Ejarque, M, Guerrero-Pérez, F, de la Morena, N, Casajoana, A, Virgili, N, López-Urdiales, R, Maymó-Masip, E, Pujol Gebelli, J, Garcia Ruiz de Gordejuela, A, Perez-Maraver, M, et al
Scientific reports. 2019;(1):6274
Abstract
We aimed to explore the relationship between GLP-1 receptor (GLP-1R) expression in adipose tissue (AT) and incretin secretion, glucose homeostasis and weight loss, in patients with morbid obesity and type 2 diabetes undergoing bariatric surgery.
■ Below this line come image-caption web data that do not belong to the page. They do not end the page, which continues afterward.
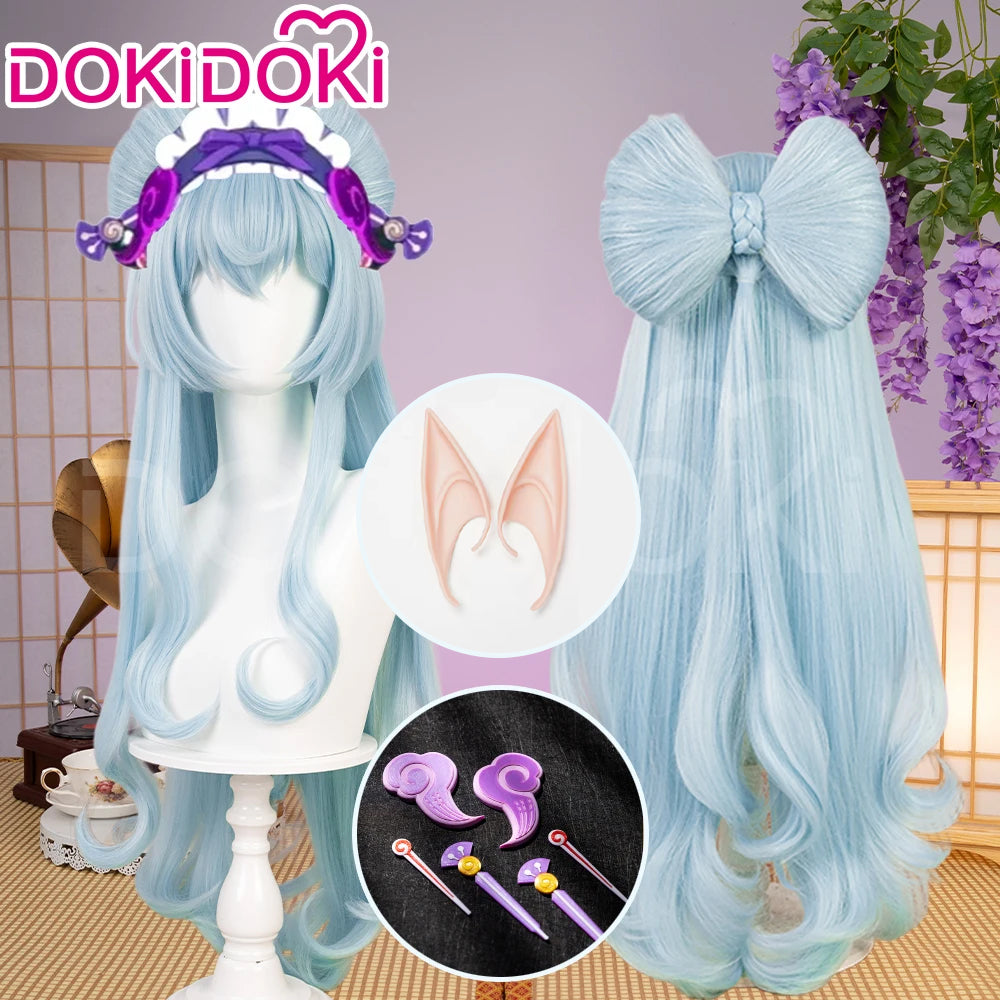 【Ready For Ship】DokiDoki Game Genshin Impact Cosplay Yumemizuki Mizuki Wig / Headwear / Ears Long Curly Blue Hair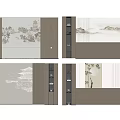 Chinese Style Bed Background Wall with Landscape Pavilion Floral and Storage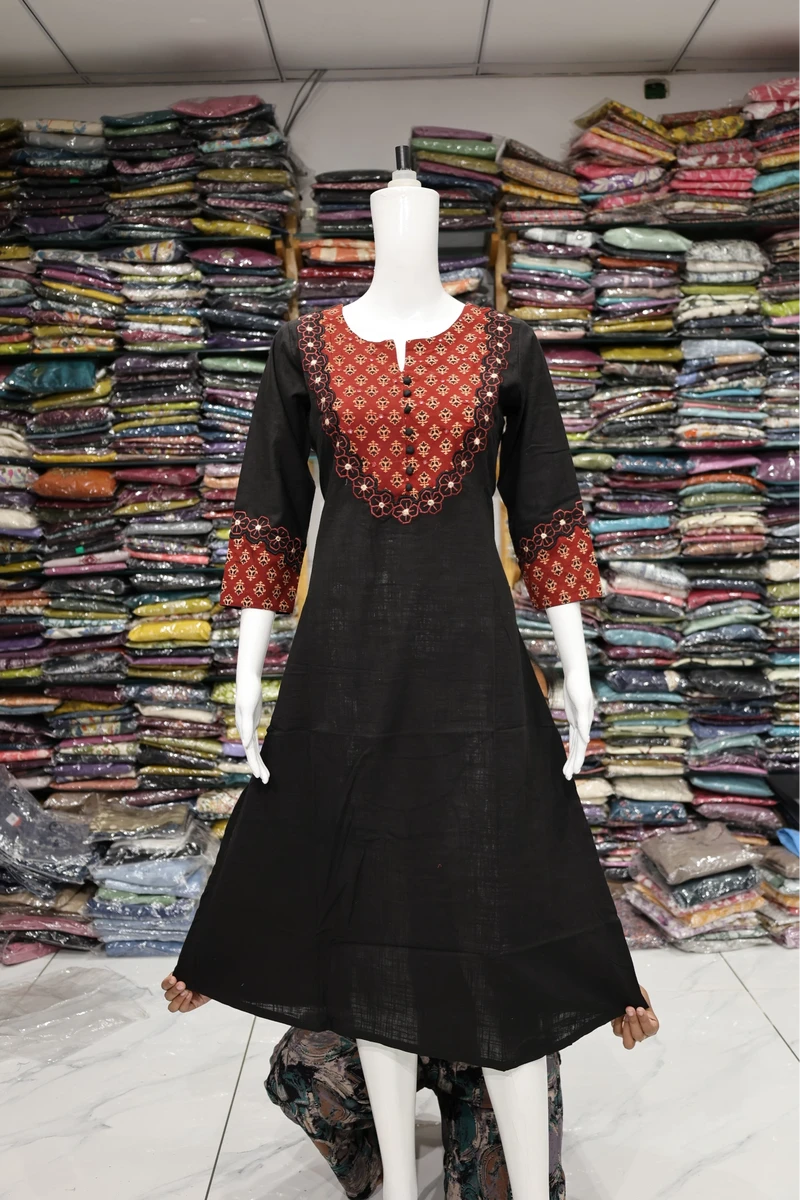 Neck Mirror Work A Line Kurti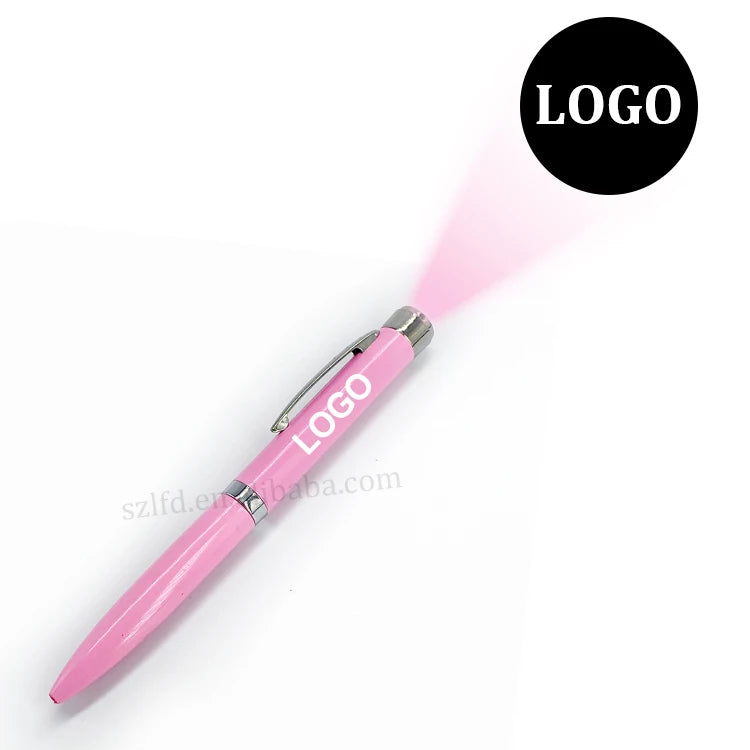 Customized Logo Projector LED Light Torch Pen Multi-Function Flashlight Ballpen Metal Portable for Advertising & Promotions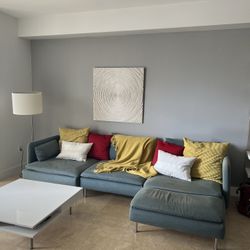 Blue fabric 3-piece Sectional Couch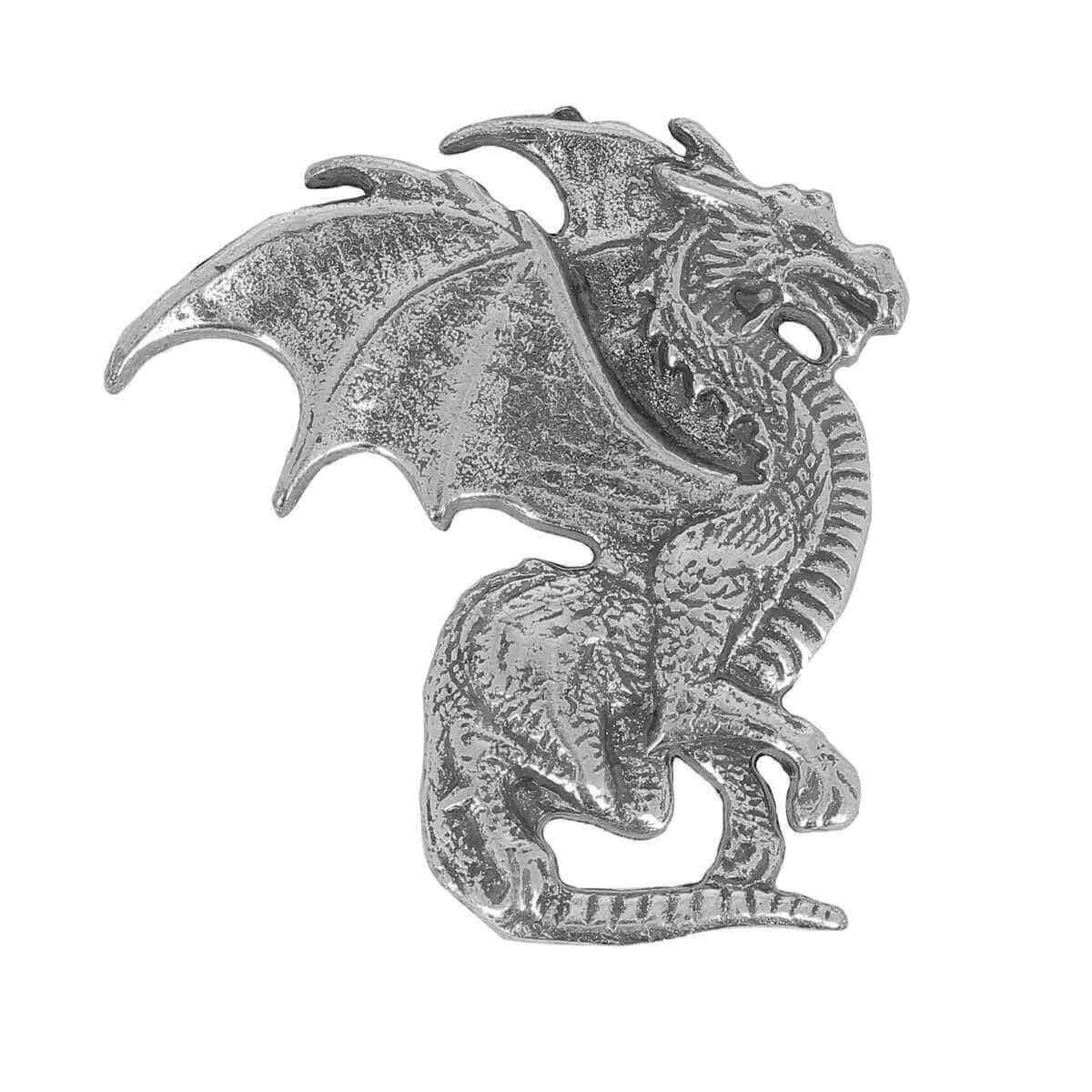 Concho à visser DRAGON DROITE - 25x27mm - Argent vieilli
RNA was extracted from subcutaneous (SAT) and visceral (VAT) AT biopsies from 40 patients randomized to metabolic gastric bypass, sleeve gastrectomy or greater curvature plication. Biochemical parameters, fasting plasma insulin, glucagon and area under the curve (AUC) of GLP-1 following a standard meal test were determined before and 1 year after bariatric surgery. GLP-1R expression was higher in VAT than in SAT. GLP-1R expression in VAT correlated with weight (r = -0.453, p = 0.008), waist circumference (r = -0.494, p = 0.004), plasma insulin (r = -0.466, p = 0.007), and systolic blood pressure (BP) (r = -0.410, p = 0.018). At 1 year, GLP-1R expression in VAT was negatively associated with diastolic BP (r = -0.361, p = 0.039) and, following metabolic gastric bypass, with the increase of GLP-1 AUC, (R2 = 0.46, p = 0.038). Finally, GLP-1R in AT was similar independently of diabetes outcomes and was not associated with weight loss after surgery. Thus, GLP-1R expression in AT is of limited value to predict incretin response and does not play a role in metabolic outcomes after bariatric surgery.